Regulars always take precedence when it comes to reservations and seating. And while a considerable number of the regulars are rich or famous, many of them are neither, and you end up with a strange democracy that could exist only in L.A. You see it most clearly at the bar. It opens at five with the restaurant, and the regulars take their places while the staff sets up under bright white spotlights. Some stay till closing time, nine hours later, but the bar regulars generally divide into two shifts. The first often includes a tubby, womanizing agent, a successful lawyer known for his ponytail, a woman who runs an upscale safari company, a beauty in her late fifties who was once the world’s highest-paid model, a sloe-eyed actress and a handsome Yugoslav who everybody says is a gigolo.

The second shift is slightly tipsier, slightly crazier and slightly more diverse. An X-rated comedienne called Glitter. Luis the 911 operator.
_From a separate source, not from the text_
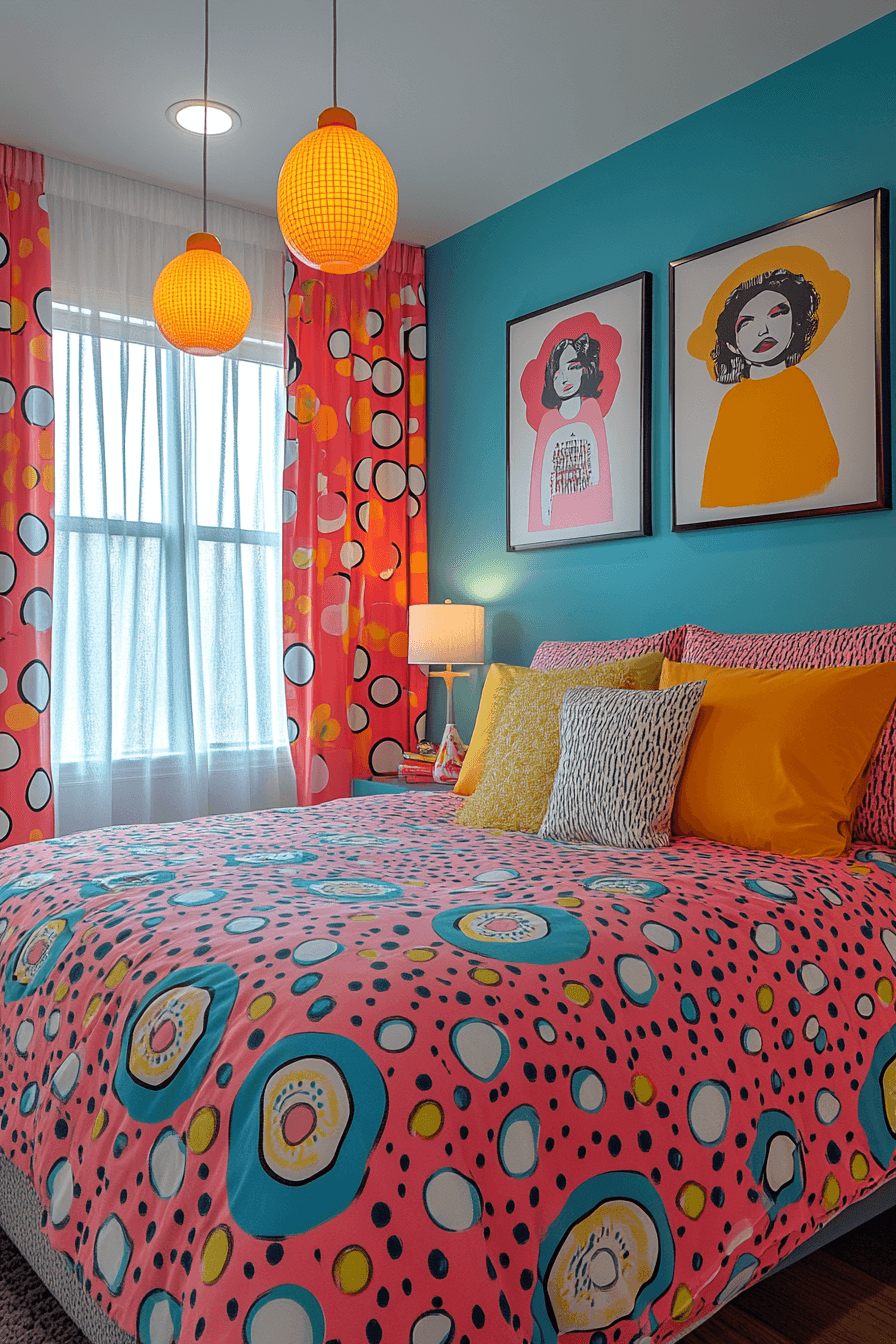 17+ Street Style Bedroom Designs for a Space Full of Character 6 Pop Art Playroom Bedroom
A smooth African-American banker named Robert. A movie producer with a sideline in coke. A professional golfer. A rich kid in his late twenties who was a hockey star in college. Then, on different nights, the Irish exiles, the Yugoslavs, and the barmen and maitre d’s from the big hotels and restaurants around town who come in after their own establishments have closed.

It is the kind of old-fashioned bar where Mike the bartender knows most of his customers’ names and remembers a face for a decade. Mike is a tall man with a handlebar mustache. He loves a peculiar Yugoslavian liqueur with an unpronounceable name, and halfway through the evening, he’ll have a shot or two with the regulars. As a kid in Croatia, he was always in trouble with the authorities, mainly, he says, because he was a practicing Catholic. Mike dropped out of high school, but he sent two children to college here in America.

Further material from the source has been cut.